Sophomore Conor Wolohan said the immersion experience taught him a lot about the culture of the region.

“We were doing work for [McDowell resident] Leon, for example,” he said. “We were fixing up his kitchen which was in really rough shape and we were doing something for him that he couldn’t have possibly done for himself. And he was really kind and greeted us and showed us about some of the history of the place as well as his own history.”

Emily Meyer, a junior, said she was surprised to learn about the reality of the transformations that have occurred in McDowell County and how they have affected area residents.

“I think it was a good opportunity to really step outside your shell and see life from a different perspective,” she said. “Even if you’re only doing something small it still makes a worthwhile difference in that person’s life.”

Mick said students learn about the problems in Appalachia and help make a difference, but they also experience a different way of life.

“This week forces them to slow down and take another look at life and what really matters in the end,” she said. “I think it helps instill a sense of values and priorities that they take with them throughout their lives.”

Sophomore Ryan Traudt said the immersion experience helped him realize there are areas of need in the United States beyond the urban poverty issues with which people tend to be most familiar.

“You come here and you’re only working for four days,” he said. “I feel it’s more or less developing a knowledge for yourself that these people really do need your help. We need to continue to have people like this in mind when we’re looking at what we’re going to do as adults.”

Mick said that a number of former Appalachia participants have been inspired to continue their involvement in the region.

Alex Choperena, who graduated in May, is one example, she said. He went to the Glenmary Farm site for the seminar last year, where he is now living and serving as a fulltime Americorps volunteer.

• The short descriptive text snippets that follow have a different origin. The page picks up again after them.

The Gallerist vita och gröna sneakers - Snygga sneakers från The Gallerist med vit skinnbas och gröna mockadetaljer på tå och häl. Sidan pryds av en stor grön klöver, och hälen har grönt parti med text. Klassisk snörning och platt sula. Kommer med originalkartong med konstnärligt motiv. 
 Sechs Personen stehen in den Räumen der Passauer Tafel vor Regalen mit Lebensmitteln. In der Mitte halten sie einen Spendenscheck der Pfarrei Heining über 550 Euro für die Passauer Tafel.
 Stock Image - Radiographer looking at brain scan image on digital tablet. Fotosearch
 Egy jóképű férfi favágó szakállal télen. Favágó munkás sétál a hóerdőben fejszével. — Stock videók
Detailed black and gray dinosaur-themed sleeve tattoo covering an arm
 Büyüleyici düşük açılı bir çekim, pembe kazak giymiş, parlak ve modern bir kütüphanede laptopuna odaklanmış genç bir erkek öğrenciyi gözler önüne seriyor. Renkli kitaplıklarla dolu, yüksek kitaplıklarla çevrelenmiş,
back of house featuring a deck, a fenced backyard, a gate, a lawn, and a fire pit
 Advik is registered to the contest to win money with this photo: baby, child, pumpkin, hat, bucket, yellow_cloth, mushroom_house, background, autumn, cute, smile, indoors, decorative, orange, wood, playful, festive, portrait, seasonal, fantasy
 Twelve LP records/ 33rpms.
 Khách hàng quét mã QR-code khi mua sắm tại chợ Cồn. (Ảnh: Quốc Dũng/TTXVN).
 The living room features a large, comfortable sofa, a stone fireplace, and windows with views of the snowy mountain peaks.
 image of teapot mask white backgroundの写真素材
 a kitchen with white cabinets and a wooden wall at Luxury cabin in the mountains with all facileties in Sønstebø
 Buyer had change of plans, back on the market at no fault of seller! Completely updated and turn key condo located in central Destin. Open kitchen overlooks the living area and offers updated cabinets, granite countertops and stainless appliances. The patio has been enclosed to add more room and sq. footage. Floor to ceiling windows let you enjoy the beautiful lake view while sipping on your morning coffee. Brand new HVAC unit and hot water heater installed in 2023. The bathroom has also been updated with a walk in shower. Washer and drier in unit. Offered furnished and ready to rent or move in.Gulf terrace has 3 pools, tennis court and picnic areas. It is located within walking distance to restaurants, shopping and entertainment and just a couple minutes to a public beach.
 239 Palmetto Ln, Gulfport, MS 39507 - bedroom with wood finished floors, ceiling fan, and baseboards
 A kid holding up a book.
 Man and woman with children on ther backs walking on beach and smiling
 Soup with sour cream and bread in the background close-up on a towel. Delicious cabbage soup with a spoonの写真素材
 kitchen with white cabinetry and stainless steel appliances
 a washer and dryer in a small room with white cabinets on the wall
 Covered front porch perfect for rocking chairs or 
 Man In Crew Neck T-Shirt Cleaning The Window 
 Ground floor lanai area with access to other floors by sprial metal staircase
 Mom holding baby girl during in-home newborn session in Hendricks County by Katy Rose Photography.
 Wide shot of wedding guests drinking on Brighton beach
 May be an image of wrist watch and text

The Appalachia Seminar is organized by a student task force and is led by student site leaders.

“I think our emphasis on student leadership development is really key,” Mick said. “We put a lot of trust in students and they have always risen to the challenge. So I think that’s somewhat unique.”

Senior Kenzie Bowen, who served on the task force last spring and this fall, said she wanted to become more involved after she went to Appalachia during fall break of her sophomore year.

“The Appalachian region is a beautiful region environmentally and the people are fantastic,” she said. “But it really does face a lot of problems that other parts of the country don’t see. I think that the Appalachia seminar does a great job of exposing these issues to students.

“I really think it’s an experience everyone should do before they graduate from Notre Dame.”